Predicting Steam Machine prices would be a lot easier if RAM costs hadn’t gone horribly wrong

Predicting Steam Machine prices would be a lot easier if RAM costs hadn’t gone horribly wrong

This week’s most popular game is not a robovoiced extraction shooter or a buggy martial arts RPG, but Guess The Steam Machine Price: a well-meaning (if largely speculative) timepasser wherein whoever most accurately converts Valve’s teasing into a final street price for the resurrected SteamOS mini-PC wins. In 2026, when it launches.

I feel left out, so will have a go myself below, though there’s quite a serious kink in mine or indeed anyone’s plan to ticket the Steam Machine by speccing an equivalent DIY PC. Alas, RAM prices have gone stratospheric, in a manner not seen among computing components since the Great Graphics Card Dumpster Fire of 2020.

As then, but now, the cause is an industry-wide shortage, only this time trigged by – you again – artificial intelligence. In short, AI data centres are rapidly expanding, eating up memory output and leaving scant RAM supplies for consumer PC building.
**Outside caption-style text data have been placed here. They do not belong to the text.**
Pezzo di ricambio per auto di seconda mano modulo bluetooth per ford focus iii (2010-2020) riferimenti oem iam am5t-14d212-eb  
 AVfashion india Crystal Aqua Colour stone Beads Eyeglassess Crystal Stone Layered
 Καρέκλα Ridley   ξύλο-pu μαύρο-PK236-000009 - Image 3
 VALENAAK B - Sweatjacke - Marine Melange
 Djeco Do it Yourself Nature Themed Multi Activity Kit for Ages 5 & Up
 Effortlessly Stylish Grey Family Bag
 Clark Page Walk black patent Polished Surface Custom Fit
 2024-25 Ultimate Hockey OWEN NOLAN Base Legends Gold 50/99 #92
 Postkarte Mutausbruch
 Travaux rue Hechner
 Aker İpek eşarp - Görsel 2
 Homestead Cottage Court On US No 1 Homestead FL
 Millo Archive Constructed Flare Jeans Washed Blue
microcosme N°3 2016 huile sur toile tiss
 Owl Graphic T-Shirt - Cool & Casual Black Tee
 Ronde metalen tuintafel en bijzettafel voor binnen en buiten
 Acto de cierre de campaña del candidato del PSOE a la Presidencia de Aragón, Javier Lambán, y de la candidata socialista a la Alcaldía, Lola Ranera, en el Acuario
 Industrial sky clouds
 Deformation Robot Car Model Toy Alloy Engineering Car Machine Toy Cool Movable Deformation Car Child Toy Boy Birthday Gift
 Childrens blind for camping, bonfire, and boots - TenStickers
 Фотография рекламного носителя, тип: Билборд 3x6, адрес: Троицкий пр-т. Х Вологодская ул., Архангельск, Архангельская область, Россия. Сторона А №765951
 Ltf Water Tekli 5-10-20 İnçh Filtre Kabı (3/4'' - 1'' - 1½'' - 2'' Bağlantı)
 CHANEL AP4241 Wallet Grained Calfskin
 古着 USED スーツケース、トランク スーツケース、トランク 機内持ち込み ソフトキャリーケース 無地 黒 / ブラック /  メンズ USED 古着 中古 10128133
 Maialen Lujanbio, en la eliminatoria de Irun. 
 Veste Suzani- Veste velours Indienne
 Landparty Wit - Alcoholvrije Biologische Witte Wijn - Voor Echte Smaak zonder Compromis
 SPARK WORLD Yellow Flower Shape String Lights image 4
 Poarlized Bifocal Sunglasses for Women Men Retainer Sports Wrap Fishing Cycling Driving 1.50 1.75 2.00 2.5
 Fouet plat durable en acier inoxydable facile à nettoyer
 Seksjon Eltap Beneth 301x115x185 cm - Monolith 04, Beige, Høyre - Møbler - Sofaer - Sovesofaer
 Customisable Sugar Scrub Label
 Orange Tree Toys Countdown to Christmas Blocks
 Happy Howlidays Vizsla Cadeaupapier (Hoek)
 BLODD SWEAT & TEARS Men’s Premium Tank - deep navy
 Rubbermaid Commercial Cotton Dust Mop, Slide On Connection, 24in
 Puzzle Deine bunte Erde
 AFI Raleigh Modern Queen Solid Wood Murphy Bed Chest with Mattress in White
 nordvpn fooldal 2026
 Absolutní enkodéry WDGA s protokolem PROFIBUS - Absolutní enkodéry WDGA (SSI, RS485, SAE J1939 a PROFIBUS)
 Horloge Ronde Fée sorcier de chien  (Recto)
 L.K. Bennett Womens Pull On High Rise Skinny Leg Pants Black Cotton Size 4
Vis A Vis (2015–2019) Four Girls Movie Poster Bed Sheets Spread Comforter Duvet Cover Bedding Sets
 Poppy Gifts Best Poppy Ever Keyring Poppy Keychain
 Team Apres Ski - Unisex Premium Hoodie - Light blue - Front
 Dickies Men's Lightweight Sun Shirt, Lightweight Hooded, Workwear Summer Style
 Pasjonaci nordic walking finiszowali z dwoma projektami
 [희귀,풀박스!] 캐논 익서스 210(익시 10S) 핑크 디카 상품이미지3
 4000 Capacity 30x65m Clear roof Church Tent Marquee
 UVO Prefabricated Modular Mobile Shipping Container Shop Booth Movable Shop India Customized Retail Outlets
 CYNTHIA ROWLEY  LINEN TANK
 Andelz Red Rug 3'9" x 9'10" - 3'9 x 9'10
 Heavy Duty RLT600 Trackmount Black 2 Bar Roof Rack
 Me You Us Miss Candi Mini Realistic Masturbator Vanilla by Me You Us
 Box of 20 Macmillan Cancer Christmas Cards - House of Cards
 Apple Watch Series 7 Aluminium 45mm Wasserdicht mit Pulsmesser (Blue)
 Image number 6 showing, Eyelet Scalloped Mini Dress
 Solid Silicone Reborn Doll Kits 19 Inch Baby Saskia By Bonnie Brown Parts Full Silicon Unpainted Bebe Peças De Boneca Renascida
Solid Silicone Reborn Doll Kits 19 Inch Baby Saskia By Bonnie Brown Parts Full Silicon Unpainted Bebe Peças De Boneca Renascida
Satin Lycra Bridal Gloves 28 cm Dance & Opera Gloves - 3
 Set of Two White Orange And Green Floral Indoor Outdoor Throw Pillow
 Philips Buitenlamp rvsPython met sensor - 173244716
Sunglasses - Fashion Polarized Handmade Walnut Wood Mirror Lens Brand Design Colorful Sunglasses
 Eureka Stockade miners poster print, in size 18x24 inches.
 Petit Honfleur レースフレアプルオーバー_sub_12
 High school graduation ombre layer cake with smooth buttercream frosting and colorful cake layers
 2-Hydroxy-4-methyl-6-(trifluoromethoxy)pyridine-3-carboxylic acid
What’s left has, broadly since October but this past week especially, been slapped with obscene markups: this unremarkable Crucial DDR5 32GB kit, for example, was £88 a month ago. Now it’s £206. A bog-standard Corsair Vengeance DDR5 32GB set? Was £100 in September, now yours for just £350. This premium 64GB kit was already pricey at £210, again back in September, and now sits at £557 – more than an RTX 5070, a base PS5, or 1,011 packets of M&S extra cream Bourbon biscuits. 1,011! Makes me sick.

Hardware manufacturers can purchase at scale, and may have enough RAM sticks squirreled away to maintain production, potentially for the several months that shortages are expected to continue. But those who haven’t stockpiled parts will end up feeling the crunch – Microsoft are allegedly considering yet another price hike for their Xbox Series X/S consoles to cover the higher memory costs.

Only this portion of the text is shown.